In the late 60s, Mihaly Csikszentmihalyi interviewed 1000 people on what makes them happy.  He found a few main things that, when present, can engineer what he called the state of “flow”, when you are lost in the moment, time flies, and you feel like you could do a task forever.

In the Leadership Card Deck we’ve seen a few different studies that have shown that a clear objective can make a huge difference to your team’s results.  And creating a clear path for your team with a repeatable process that is easy to use can increase those results again.

But there is more to this story when it comes to increasing the engagement and happiness of your teams.  And it’s because of this:

Have you ever been in a situation where what you did had absolutely no effect on the outcome?  Take this as an example – imagine you were driving a car, and trying to get to a destination, but when you turned the steering wheel it had no effect on the path you took.  In other words, the action you took had no bearing on whether you made it there or not.

A lot of teams are operating like that car ride today, because even if they have taken a step above everyone else and clearly articulated the objective and the process to get there and made it ridiculously easy to do, if your team’s actions have no effect on getting to that objective they will lose interest very quickly.  And losing interest is the absolute opposite of a state of Flow.

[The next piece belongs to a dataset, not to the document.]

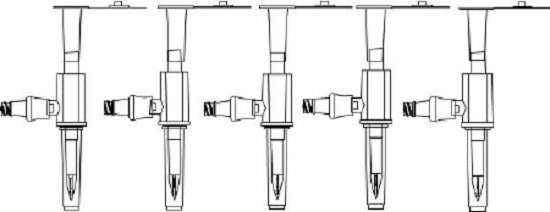 ICU Medical Bags Spikes with Integrated Clave - Bag Spike with ChemoClave Additive Port, Dry - CH-12-5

Working Towards A Clear Objective, With Control Over The Outcome

Mihali isn’t the only one to have found this in his studies.  In research brought to light via Daniel Pink’s book, Drive, he found that one of the best motivators wasn’t money or rewards, it was actually a thing called “Mastery”, which he described like this:

“Working continuously towards mastering a worthy skill.”

So we have a fairly ideal set up here, and this is only the start of it.  All the research is pointing in the same direction.  In Leadership Card 10, we saw that tying outcomes to a higher meaning had a huge effect on the happiness of your team.  So if we have a clear objective, where our team’s actions have control over the outcome, and those outcomes are tied to a higher meaning or purpose, then we start to see the ideal situation for engineering happiness and flow in the work that they do.

What Happens Next?

And what happens next when your team can effortlessly perform their work and it is working towards something meaningful?  Well, they enjoy coming to work much more than they thought possible.  It stops being just about the paycheck.  And the effects of high engagement show profit can go up by 17%, revenue can be doubled, absenteeism and sick days can go down by 40%, and much, much more.

Enjoying yourself at work takes a little bit of awareness – awareness that is not taught at school and is not present in most leaders who work their way up through the ranks.  But creating this scenario at work has a big payback, and doing even a little bit will show you just how powerful it can be.